=== Section Start ===
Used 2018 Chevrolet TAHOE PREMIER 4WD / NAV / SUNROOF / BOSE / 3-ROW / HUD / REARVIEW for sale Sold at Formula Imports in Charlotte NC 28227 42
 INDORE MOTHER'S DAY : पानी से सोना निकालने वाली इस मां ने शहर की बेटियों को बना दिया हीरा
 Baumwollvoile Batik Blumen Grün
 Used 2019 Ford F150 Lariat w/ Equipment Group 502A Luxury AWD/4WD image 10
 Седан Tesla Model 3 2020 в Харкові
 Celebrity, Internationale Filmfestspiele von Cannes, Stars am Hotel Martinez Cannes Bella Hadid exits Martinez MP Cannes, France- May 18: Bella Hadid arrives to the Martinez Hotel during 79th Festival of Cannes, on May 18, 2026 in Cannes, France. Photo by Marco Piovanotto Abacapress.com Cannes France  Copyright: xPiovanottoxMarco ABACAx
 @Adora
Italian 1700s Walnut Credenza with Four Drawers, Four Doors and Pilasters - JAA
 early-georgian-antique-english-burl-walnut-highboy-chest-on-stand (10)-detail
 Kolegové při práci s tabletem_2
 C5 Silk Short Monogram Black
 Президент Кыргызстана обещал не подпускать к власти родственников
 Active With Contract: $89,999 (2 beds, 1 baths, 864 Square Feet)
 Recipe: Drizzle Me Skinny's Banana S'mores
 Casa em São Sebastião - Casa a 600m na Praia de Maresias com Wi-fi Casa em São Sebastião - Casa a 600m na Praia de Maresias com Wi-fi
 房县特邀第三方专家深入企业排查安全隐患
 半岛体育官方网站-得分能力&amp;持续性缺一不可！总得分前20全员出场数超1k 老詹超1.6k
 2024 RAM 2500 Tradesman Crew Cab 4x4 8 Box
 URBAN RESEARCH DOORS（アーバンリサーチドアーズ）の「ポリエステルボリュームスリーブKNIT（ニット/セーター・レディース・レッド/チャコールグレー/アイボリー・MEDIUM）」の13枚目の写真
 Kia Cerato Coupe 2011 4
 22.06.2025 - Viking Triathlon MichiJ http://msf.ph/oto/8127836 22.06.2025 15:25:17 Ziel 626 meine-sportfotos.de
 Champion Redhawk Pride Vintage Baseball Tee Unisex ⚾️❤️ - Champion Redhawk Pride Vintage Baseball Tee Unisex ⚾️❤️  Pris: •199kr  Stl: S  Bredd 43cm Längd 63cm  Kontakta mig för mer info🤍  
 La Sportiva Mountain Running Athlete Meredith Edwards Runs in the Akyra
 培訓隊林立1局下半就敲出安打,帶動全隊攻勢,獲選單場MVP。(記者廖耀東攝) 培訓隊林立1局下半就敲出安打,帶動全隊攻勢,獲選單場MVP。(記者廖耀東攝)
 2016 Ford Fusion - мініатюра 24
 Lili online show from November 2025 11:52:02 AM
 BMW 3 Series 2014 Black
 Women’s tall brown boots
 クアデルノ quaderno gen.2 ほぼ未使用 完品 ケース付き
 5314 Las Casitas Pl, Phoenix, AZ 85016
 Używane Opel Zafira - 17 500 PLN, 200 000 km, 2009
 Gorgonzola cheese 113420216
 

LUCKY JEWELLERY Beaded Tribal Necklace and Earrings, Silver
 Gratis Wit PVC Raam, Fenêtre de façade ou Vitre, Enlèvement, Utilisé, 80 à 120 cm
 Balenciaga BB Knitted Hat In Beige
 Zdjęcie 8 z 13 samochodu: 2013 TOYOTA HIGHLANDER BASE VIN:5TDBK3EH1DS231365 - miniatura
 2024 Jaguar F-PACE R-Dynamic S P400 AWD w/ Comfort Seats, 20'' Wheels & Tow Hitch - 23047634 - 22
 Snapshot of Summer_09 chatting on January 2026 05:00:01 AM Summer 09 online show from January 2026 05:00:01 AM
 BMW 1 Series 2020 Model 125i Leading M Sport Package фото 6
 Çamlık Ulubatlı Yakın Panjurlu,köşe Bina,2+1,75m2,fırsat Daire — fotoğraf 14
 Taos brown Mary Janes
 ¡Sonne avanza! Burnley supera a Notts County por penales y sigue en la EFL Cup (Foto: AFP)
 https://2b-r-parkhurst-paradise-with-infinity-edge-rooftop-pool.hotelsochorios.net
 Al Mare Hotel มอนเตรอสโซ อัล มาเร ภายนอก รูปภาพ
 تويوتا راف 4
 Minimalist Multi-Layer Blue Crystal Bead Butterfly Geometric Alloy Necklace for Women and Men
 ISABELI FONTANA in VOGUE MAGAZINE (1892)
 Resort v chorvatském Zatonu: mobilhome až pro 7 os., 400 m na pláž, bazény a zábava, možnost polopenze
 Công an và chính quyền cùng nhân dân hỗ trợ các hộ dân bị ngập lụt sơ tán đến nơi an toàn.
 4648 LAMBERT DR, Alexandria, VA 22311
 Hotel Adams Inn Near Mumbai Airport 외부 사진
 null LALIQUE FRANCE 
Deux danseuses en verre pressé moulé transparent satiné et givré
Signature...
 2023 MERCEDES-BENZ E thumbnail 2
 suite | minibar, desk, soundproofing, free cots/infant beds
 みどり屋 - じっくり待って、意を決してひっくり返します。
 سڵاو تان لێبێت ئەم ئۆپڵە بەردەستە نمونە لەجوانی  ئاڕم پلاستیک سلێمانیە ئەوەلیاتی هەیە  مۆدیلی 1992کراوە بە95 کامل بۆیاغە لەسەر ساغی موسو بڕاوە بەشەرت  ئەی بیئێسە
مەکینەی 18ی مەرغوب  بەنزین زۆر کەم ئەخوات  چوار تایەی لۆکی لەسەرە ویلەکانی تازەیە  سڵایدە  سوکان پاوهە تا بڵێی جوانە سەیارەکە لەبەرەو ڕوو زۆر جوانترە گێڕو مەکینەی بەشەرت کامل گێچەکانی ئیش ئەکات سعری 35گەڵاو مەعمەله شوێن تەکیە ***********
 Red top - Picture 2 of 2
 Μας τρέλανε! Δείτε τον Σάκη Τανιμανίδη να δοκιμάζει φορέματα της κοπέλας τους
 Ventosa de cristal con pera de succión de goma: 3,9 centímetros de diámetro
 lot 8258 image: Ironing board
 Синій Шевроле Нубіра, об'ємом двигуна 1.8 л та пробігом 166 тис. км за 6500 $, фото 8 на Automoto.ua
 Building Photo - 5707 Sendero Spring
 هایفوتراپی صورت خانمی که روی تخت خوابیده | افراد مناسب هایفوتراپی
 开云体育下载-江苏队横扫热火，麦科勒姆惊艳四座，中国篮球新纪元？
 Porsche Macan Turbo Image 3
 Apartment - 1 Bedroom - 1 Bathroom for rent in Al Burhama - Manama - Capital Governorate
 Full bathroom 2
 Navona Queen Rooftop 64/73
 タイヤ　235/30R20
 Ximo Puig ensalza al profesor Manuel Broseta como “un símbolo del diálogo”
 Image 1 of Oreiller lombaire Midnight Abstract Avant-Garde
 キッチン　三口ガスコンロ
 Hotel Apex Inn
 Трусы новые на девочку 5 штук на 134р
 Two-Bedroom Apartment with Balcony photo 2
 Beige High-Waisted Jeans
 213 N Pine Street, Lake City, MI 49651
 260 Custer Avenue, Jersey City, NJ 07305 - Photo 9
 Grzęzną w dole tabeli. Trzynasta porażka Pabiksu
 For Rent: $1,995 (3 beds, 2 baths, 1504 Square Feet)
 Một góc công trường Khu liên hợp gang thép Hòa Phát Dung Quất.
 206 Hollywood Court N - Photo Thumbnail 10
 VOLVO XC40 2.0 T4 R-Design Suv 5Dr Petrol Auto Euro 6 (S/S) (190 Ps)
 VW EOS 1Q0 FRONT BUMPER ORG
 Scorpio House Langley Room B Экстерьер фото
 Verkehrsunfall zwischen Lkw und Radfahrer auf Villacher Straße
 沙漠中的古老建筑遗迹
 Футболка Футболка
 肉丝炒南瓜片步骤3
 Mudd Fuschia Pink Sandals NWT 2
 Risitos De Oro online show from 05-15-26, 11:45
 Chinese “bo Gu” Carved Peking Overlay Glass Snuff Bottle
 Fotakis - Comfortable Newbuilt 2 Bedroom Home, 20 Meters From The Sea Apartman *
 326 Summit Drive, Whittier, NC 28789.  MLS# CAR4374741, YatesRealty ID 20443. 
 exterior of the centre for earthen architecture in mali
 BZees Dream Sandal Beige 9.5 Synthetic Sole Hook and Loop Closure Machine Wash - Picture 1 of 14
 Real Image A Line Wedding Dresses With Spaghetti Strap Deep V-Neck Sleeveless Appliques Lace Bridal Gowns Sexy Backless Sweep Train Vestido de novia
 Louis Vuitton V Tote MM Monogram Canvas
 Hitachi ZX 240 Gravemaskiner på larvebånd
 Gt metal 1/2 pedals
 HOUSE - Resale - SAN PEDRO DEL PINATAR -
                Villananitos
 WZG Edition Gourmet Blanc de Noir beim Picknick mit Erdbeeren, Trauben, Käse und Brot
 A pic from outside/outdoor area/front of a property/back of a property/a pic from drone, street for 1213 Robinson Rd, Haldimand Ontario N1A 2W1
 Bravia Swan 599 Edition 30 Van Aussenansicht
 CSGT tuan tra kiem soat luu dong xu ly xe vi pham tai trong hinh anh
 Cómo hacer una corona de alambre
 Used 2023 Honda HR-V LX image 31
=== Section End ===
◆ Work to complete
Begin at the line that has "2024 Jaguar F-PACE" in the entries above; stop after the line that has "Minimalist Multi-Layer Blue". Transcribe exactly those lines and no others.

◆ Response
 2024 Jaguar F-PACE R-Dynamic S P400 AWD w/ Comfort Seats, 20'' Wheels & Tow Hitch - 23047634 - 22
 Snapshot of Summer_09 chatting on January 2026 05:00:01 AM Summer 09 online show from January 2026 05:00:01 AM
 BMW 1 Series 2020 Model 125i Leading M Sport Package фото 6
 Çamlık Ulubatlı Yakın Panjurlu,köşe Bina,2+1,75m2,fırsat Daire — fotoğraf 14
 Taos brown Mary Janes
 ¡Sonne avanza! Burnley supera a Notts County por penales y sigue en la EFL Cup (Foto: AFP)
 https://2b-r-parkhurst-paradise-with-infinity-edge-rooftop-pool.hotelsochorios.net
 Al Mare Hotel มอนเตรอสโซ อัล มาเร ภายนอก รูปภาพ
 تويوتا راف 4
 Minimalist Multi-Layer Blue Crystal Bead Butterfly Geometric Alloy Necklace for Women and Men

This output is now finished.